PROBLEM: Reproduce everything from the line that contains "Dorney One-Light Wall" down to the line that contains "robe portefeuille lin" in the listing below, word for word and nothing more. Leave the pictures out.

───── DATA IN THIS EXERCISE ─────

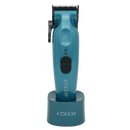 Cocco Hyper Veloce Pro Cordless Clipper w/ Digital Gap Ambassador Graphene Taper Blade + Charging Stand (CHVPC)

─────
───── DATA IN THIS EXERCISE ─────

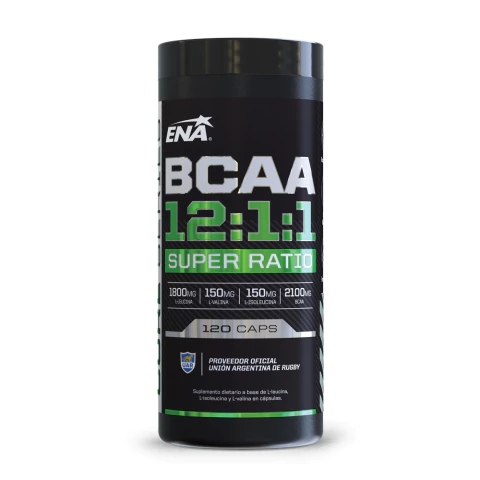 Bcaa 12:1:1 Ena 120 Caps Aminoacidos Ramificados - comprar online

─────
───── DATA IN THIS EXERCISE ─────

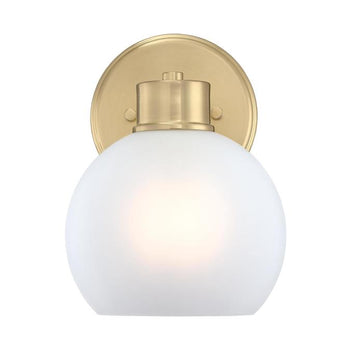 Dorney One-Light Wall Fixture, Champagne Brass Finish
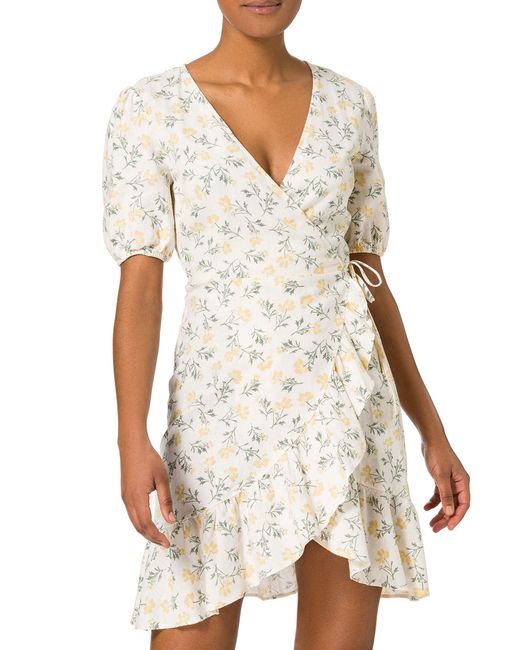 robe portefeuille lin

─────

FINAL ANSWER:
 Dorney One-Light Wall Fixture, Champagne Brass Finish
 robe portefeuille lin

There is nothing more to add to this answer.